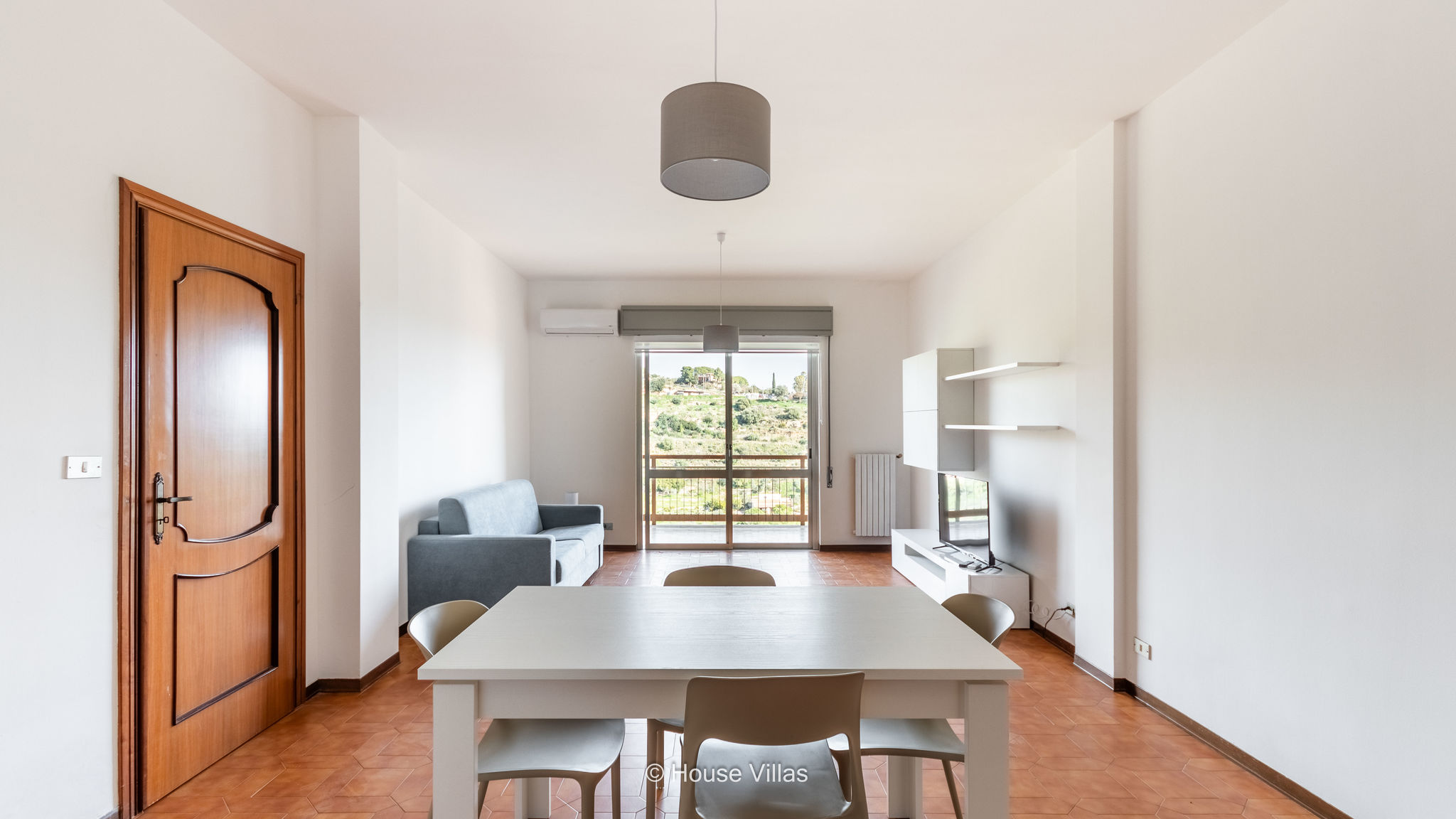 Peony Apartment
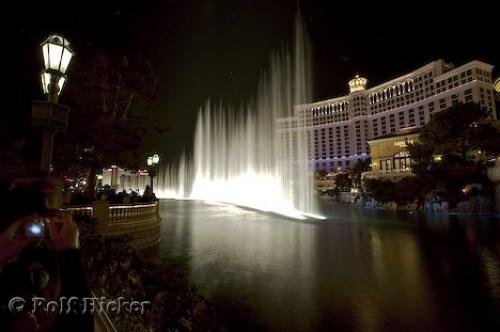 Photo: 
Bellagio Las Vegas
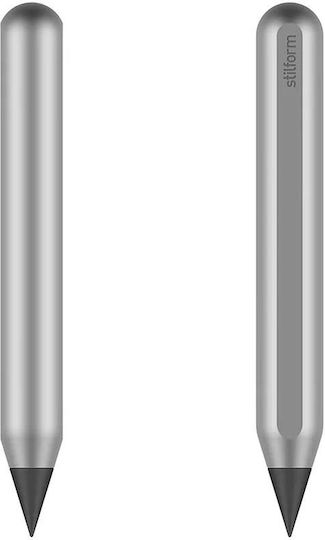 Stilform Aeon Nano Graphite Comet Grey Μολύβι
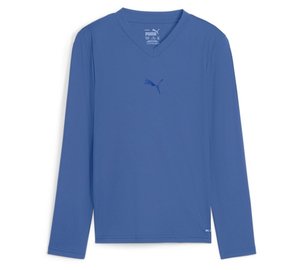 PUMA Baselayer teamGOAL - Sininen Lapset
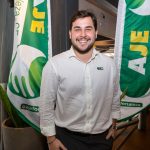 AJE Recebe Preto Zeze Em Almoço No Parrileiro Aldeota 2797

---

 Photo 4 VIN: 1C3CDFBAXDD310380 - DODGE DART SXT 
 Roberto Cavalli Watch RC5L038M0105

--

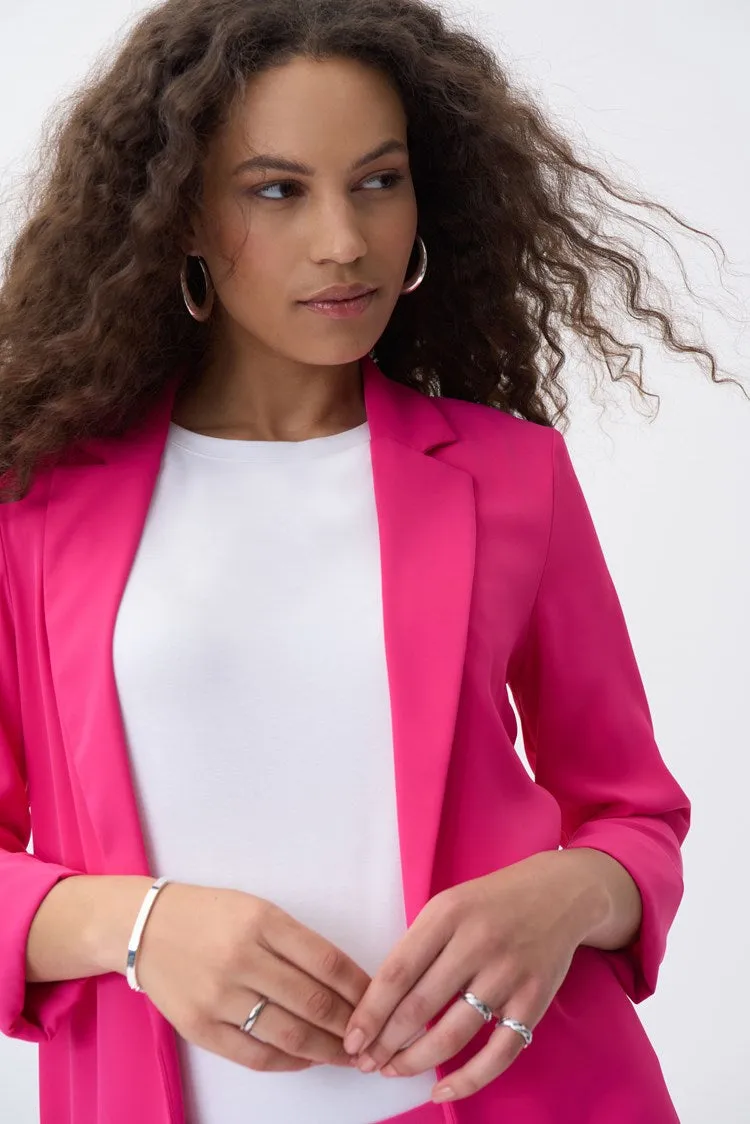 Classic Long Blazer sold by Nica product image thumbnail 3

> **The task**: Go back to the listing above and write out the lines starting at the one with "Peony Apartment" and ending at the one with "AJE Recebe Preto", inclusive, exactly and without pictures.

> **Problem solution**:
 Peony Apartment
 Photo: 
Bellagio Las Vegas
 Stilform Aeon Nano Graphite Comet Grey Μολύβι
 PUMA Baselayer teamGOAL - Sininen Lapset
 AJE Recebe Preto Zeze Em Almoço No Parrileiro Aldeota 2797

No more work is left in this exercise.